SUPPLIED RECORDS:
● ● ● ● ●

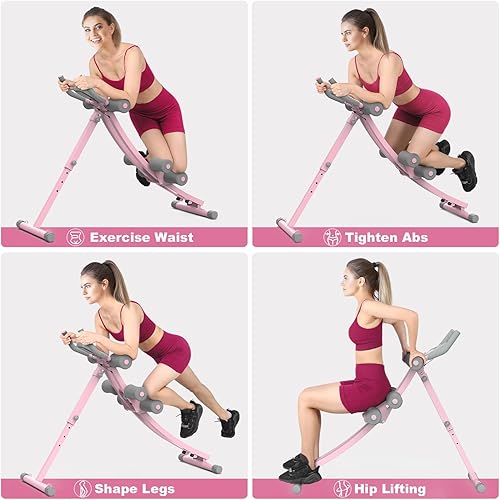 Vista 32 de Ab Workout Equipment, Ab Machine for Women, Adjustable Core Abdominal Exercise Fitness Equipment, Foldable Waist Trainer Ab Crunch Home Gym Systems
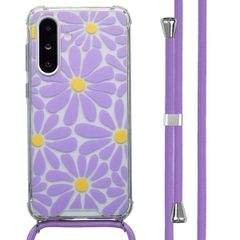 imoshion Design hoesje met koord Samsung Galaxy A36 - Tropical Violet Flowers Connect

● ● ● ● ●

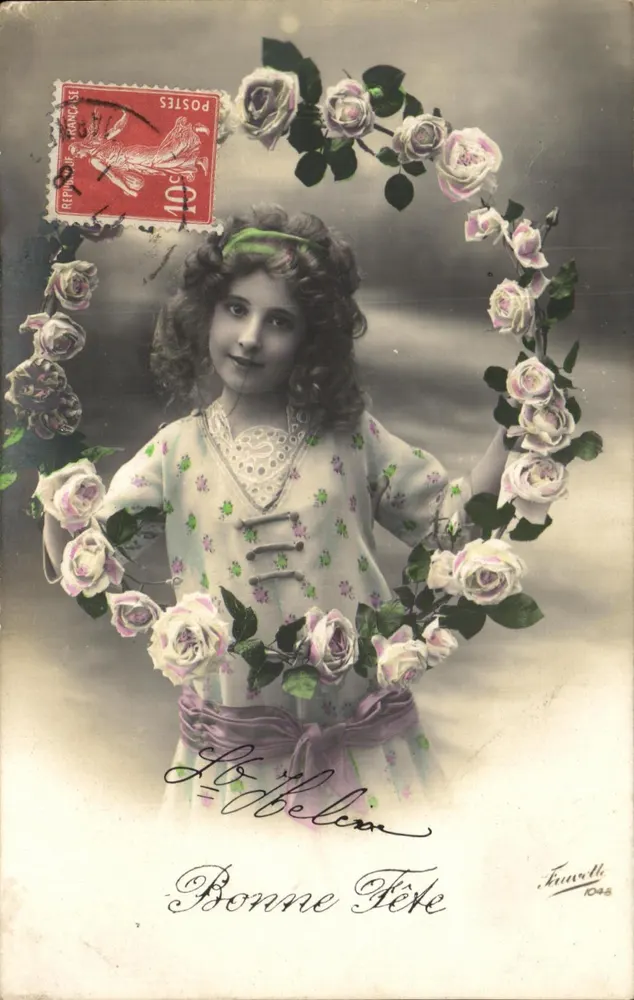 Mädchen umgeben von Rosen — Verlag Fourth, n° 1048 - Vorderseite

● ● ● ● ●

TRY IT: From the records above, copy only the lines running from the line holding "Vista 32 de" through the line holding "imoshion Design hoesje", with no pictures.

REPLY TO THE TASK:
 Vista 32 de Ab Workout Equipment, Ab Machine for Women, Adjustable Core Abdominal Exercise Fitness Equipment, Foldable Waist Trainer Ab Crunch Home Gym Systems
 imoshion Design hoesje met koord Samsung Galaxy A36 - Tropical Violet Flowers Connect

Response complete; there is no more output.